Lo stipendio del lavoratore è composto da diverse voci che è importante conoscere per verificare la correttezza dei conteggi effettuati dal datore di lavoro.
Sei stato assunto di recente da un’azienda che applica il Contratto collettivo del commercio. Leggendo la busta paga, ti sei accorto che c’è una voce, che si chiama edr, di cui non conosci il significato.
Capita spesso che il lavoratore non riesca a comprendere il significato del proprio cedolino paga. In questo documento, infatti, si utilizzano dei termini che non sono di facile comprensione. Ad esempio, cosa vuol dire edr in busta paga?
Si tratta di una delle voci che compongono lo stipendio mensile che si ritrova in numerosi contratti di lavoro. Tale componente della retribuzione è stata introdotta nel 1993 per compensare l’abolizione dell’indennità di contingenza. Vediamo come funziona l’edr e come si applica.
Indice
Edr: cos’è?
Nella busta paga capita spesso di leggere, tra le voci che compongono lo stipendio, l’acronimo edr che sta per elemento distinto della retribuzione. Si tratta di una voce stipendiale, introdotta dal Protocollo di Intesa tra Governo e parti sociali del 1992, la cui erogazione ai lavoratori viene effettuata a partire dal 1° gennaio 1993.
L’edr è, a tutti gli effetti, una delle componenti dello stipendio che va ad aggiungersi alla paga base, alla contingenza e ad altre eventuali voci previste dal Ccnl applicato al rapporto di lavoro. Molti contratti collettivi, in realtà, hanno effettuato il cosiddetto conglobamento della retribuzione, ossia, hanno unito tutte queste componenti obbligatorie dello stipendio in un’unica voce che spesso viene chiamata paga base conglobata.
Edr: a che serve?
L’edr è stato introdotto nel 1992 in sostituzione dell’indennità di contingenza, abolita dal medesimo accordo.

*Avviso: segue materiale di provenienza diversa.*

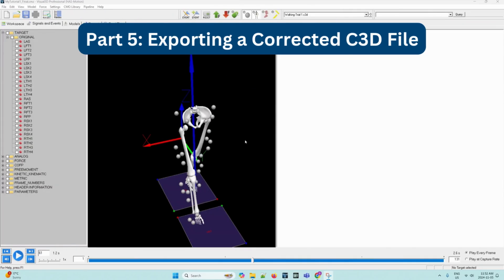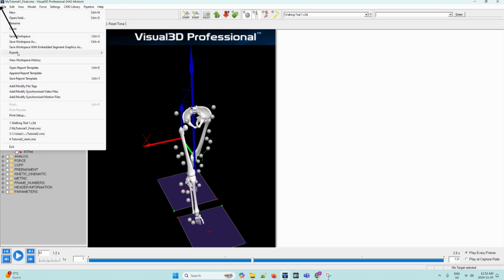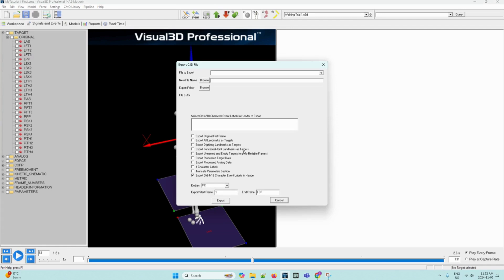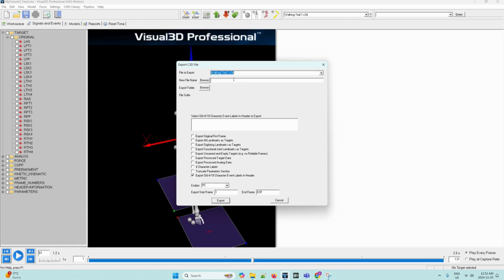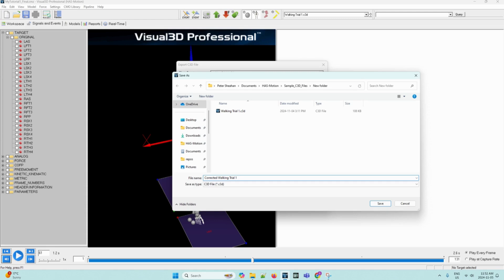Now that we have made a correction to the C3D file, we can export it. We can navigate to the File menu, click on the Export subfolder, and then click on Export C3D file. This will open this dialog box. We can click on Walking Trial 1 in the drop-down menu for the File to Export box and then click on Browse next to New File Name. From the Save As dialog box, we can browse to the location where you store your files and then enter Corrected Walking Trial 1. This will also save as a C3D file.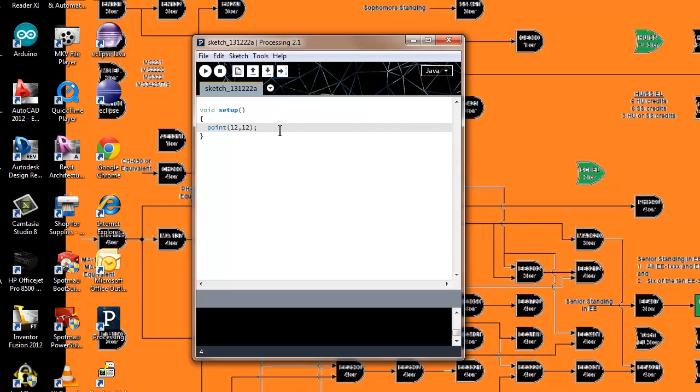That's all I have for you for this tutorial. This is a quick crash course on processing. Next time we're going to move into some of the more functions that are available to you in processing. Please subscribe to my channel and I can't wait to put up the next video.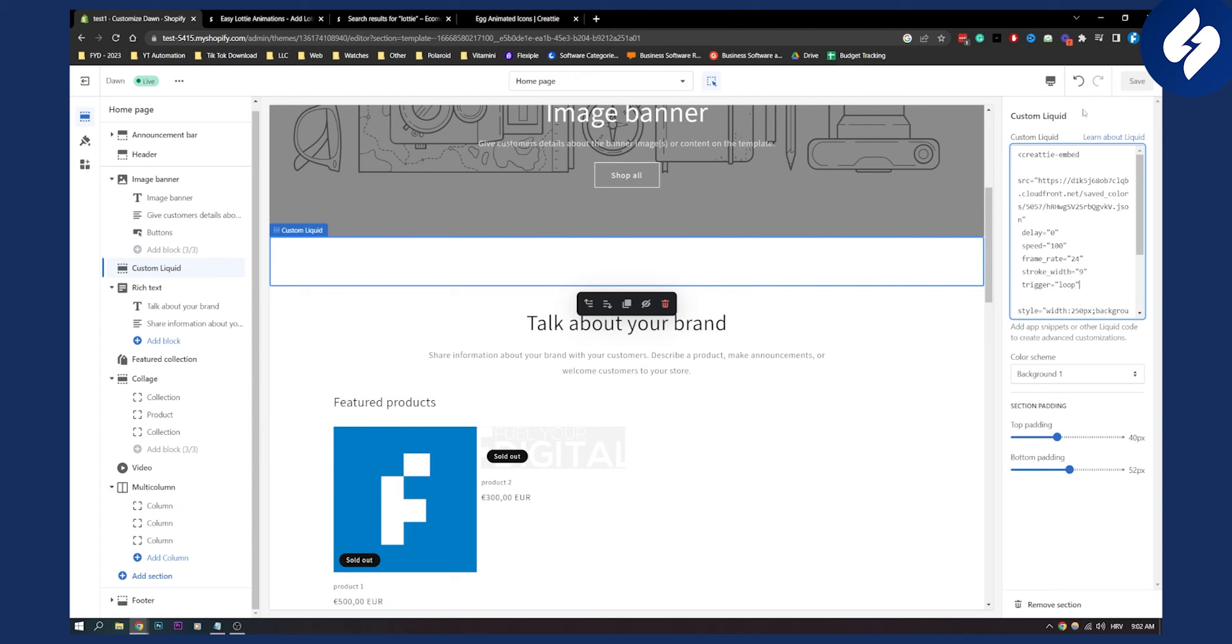This is a really simple way to add animations. You will need more knowledge in order to center it and customize it. But this is basically how to add animations to a Shopify store. If you have any questions or comments, comment down below and we'll see you in the next video. Thank you guys for watching.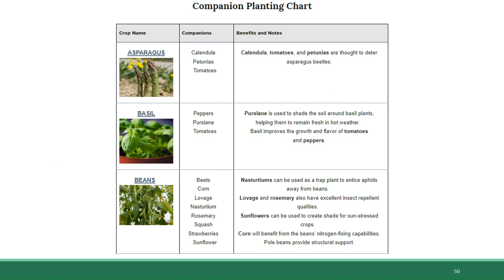If you are a gardener, the Old Farmer's Almanac website has a great companion planting chart that you can look up, with a list of symbiotic plant pairs and an explanation of the benefits of planting them together. Here's a snippet of that chart. One example is that tomato and basil can be planted together, because basil has a deterrent effect against certain pests, including the hornworm, which is a predator of tomatoes.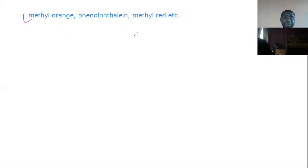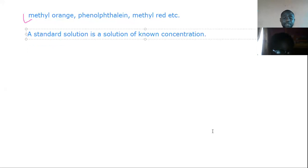What is a standard solution? A standard solution is a solution of known concentration. We have two types: the primary standard and the secondary standard.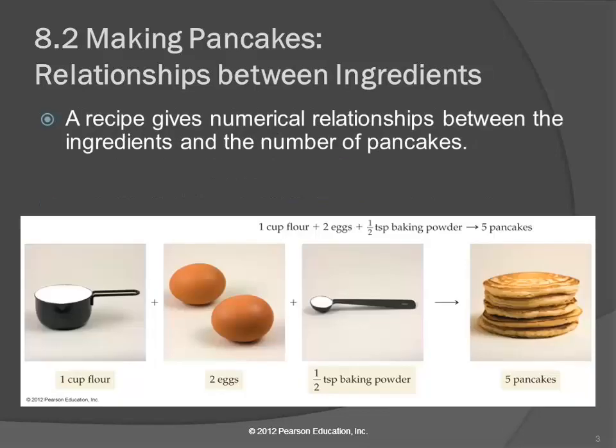We start out by talking about pancakes, because when we talk about things that we're familiar with, it makes a lot more sense than when we talk about atoms and elements. If we are making pancakes, this is a very simple recipe — and it's missing some things, so don't try this at home. A cup of flour, two eggs, and a half teaspoon of baking powder will get you five pancakes.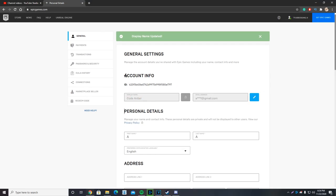So as you guys can see, my display name has been updated. If your name doesn't get updated, that probably means your name is already in use, the name you're going for, and that just means you have to choose a different display name.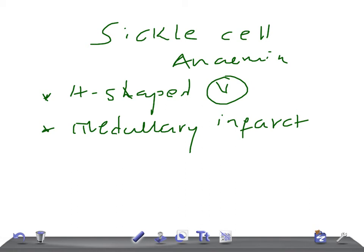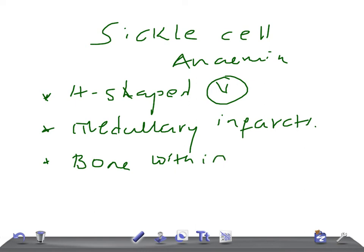You also get what's called bone within bone appearance — similar to what we see in osteopetrosis — and we see the same thing in sickle cell anemia. That's the bone within bone appearance.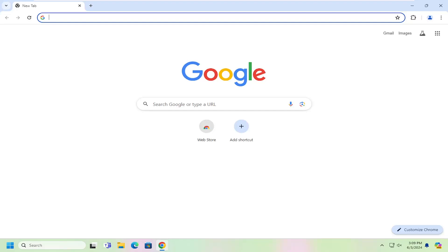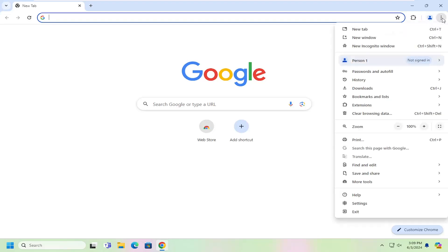So this will hopefully be a pretty straightforward process here, guys. And without further ado, let's go ahead and jump right into it. So all you have to do is select the Chrome menu icon up at the top right corner of the browser window. Just go ahead and left click on that.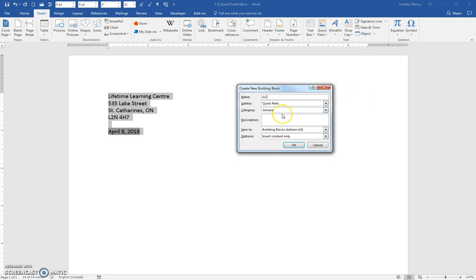And in the description, I'm going to say this is the return address and date for LLC. And I'll say OK.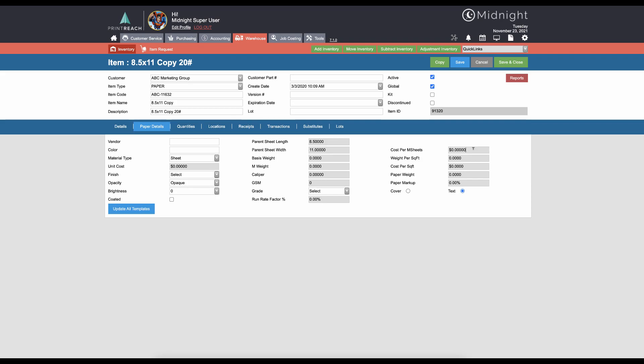A cost per M sheets is required if you're going to use this piece of paper in the standard print calculators. A cost per square foot is required if you're going to use it in the wide format calculators. The run rate factor percentage will slow down or speed up the press in the regular midnight print calculator if this field is filled out and this paper is selected. So if this was a heavy stock that tended to slow down in your press, you could enter in that it would run at 80 percent of normal.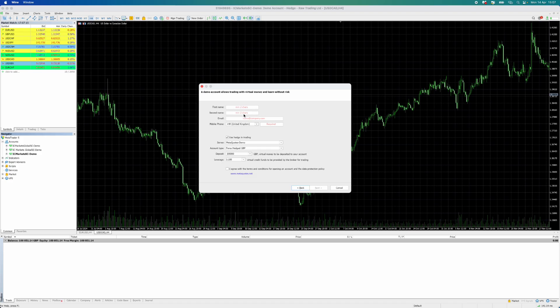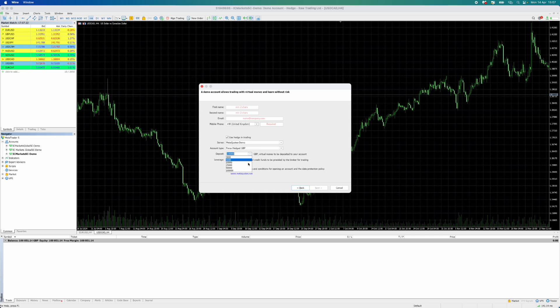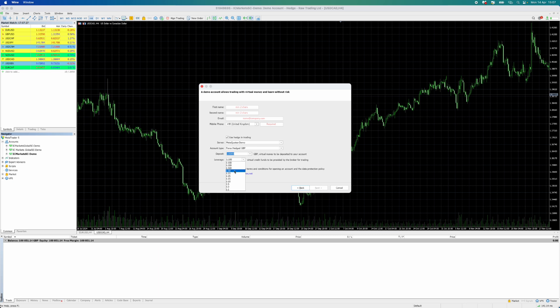You will then enter your information, including your first and last name, email, and mobile phone number. Once you're happy, choose the different settings for your demo account, including the deposit amount and leverage, which ranges from 1:1 to 1:500.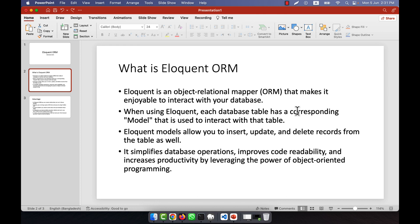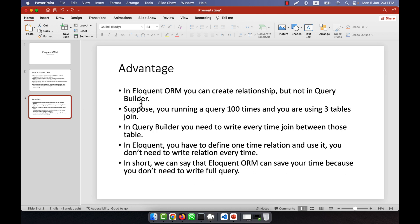Eloquent models allow you to insert, update, and delete records from the table as well. It simplifies database operations, improves code readability, and increases productivity by leveraging the power of object-oriented programming.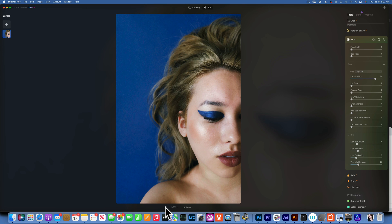That's how I would edit portraits in Luminar Neo using Skin and Face AI. The best way to edit skin is actually in Photoshop using frequency separation — I can make a video about that if you're interested, please comment below. If you're not subscribed to this channel, please do subscribe so you won't miss future videos. My name is Kyler Ewing and I will see you next time.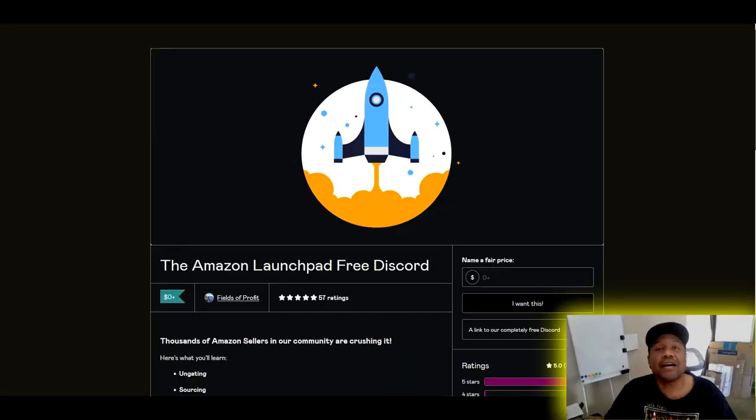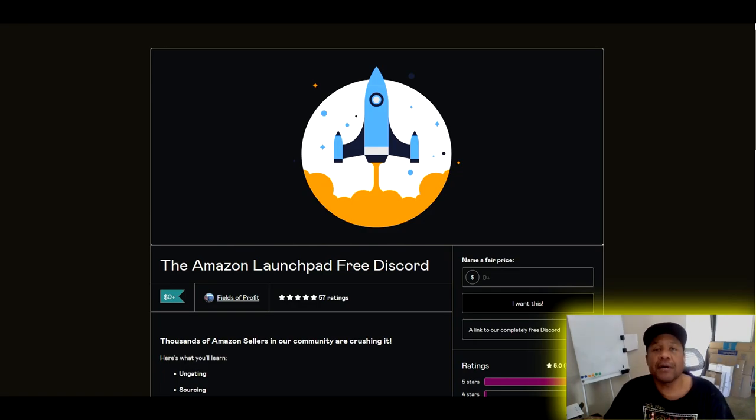Before I go any further, be sure to smash that like button and subscribe. Shout out to the Amazon Launchpad Discord, Fields of Profit, and Flips for Miles. Now let's move on to un-gating with Amazon.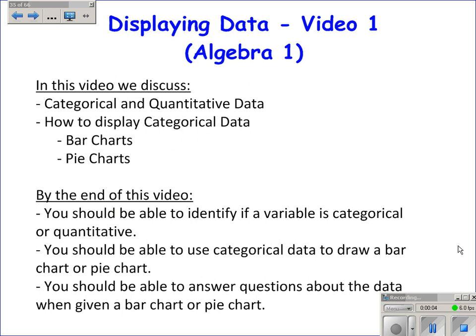We're going to totally switch gears from probability and talk about some ideas that were discussed way back in Algebra 1 that you may have forgotten. We'll talk about the difference between categorical and quantitative data, and how to display categorical data. By the end of this video, I hope you're able to identify if a variable is either categorical or quantitative, use categorical data to draw a bar chart or a pie chart, and answer questions about the data when given a bar chart or pie chart.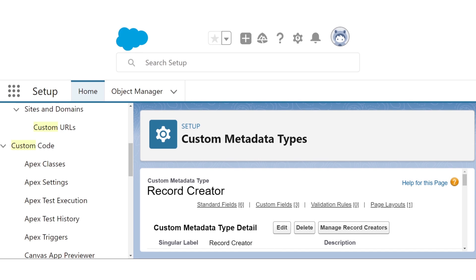We're going to add a way to reference the object being created from this automation. So just like we created the criteria object, we're going to create another metadata relationship to entity definition called created object. Since we're also going to fill in three fields — name, account lookup, and either birthday or number of employees — we're also going to create three more field definitions with created object as the controlling field. In the interest of time, I'm going to just snap my fingers and conjure those into existence right now.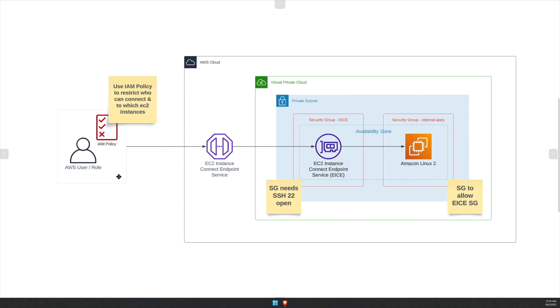We have now created a way to connect to internal AWS EC2 instances that is far more secure than something like a bastion host or long-lived credentials. As always, thanks for watching.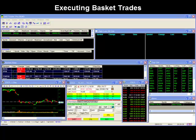Hello and thank you for joining our DAS video series. In part 2 of our basket orders video, we'll be showing you different ways in how you can execute your basket trades.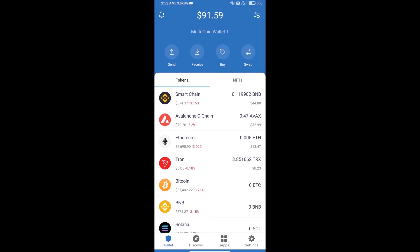Hello guys, today I will tell you how to buy Thorax token using Trader Joe exchange on Trust Wallet.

Prima di questa data, infatti, era previsto un meccanismo di adeguamento automatico degli stipendi all’aumento del costo della vita (detto scala mobile). Tuttavia, questo sistema era considerato dagli economisti uno dei fattori che determinava il costante aumento dell’inflazione, favorendo una continua rincorsa tra l’aumento dei prezzi e dei salari. Per questo si decise di abolirlo e, per compensare almeno in parte la perdita subita dai lavoratori, di sostituirlo con l’elemento distinto della retribuzione.
Edr: quanto spetta?
Il valore dell’edr è fisso ed ammonta ad euro 10,33, come previsto direttamente dal Protocollo del 1992. L’accordo prevede che l’elemento venga pagato mensilmente, per tredici mensilità, a tutti i lavoratori del settore privato, senza distinzione di qualifica e indipendentemente dai contratti collettivi applicati. Sono, invece, esclusi dall’edr i dirigenti. I Ccnl, tuttavia, possono introdurre una disciplina di miglior favore per i lavoratori (ad es. prevedendo che l’edr venga corrisposto per 14 mensilità).
Edr: come funziona?
Salvo diversa previsione del Ccnl che, come detto, può introdurre una disciplina più favorevole per il dipendente, si prevede generalmente che l’edr viene computato nel calcolo dei seguenti istituti:
- tredicesima mensilità;
- ferie;
- permessi retribuiti;
- tfr;
- indennità di mancato preavviso;
- indennità economiche in caso di malattia, infortunio, maternità;
- cassa integrazione guadagni;
- congedo per matrimonio.
Sempre salvo diverse indicazioni del Ccnl di riferimento, si prevede in generale che l’edr non sia computato nel calcolo dei seguenti istituti:
- quattordicesima mensilità;
- premi di produzione;
- lavoro straordinario;
- indennità sostitutiva di ferie e permessi non goduti;
- maggiorazione retributiva per i turnisti;
- diarie e festività non coincidenti con la domenica.
Edr: tassazione e contribuzione
L’edr è, a tutti gli effetti, una componente dello stipendio e, come tale, è soggetto a tassazione Irpef e a contribuzione previdenziale piena, al pari del resto della retribuzione. Ne consegue che il dipendente non riceverà 10,33 euro al mese ma un importo inferiore, corrispondente al valore netto di questa somma. L’ammontare delle trattenute fiscali e contributive che verranno effettuate su tale emolumento dipende dal reddito annuo del lavoratore posto che le aliquote Irpef applicabili dipendono dallo scaglione di reddito percepito. Per quanto concerne i contributi, invece, generalmente, la quota a carico del dipendente, che viene trattenuta dalla retribuzione lorda, è pari al 9,19%.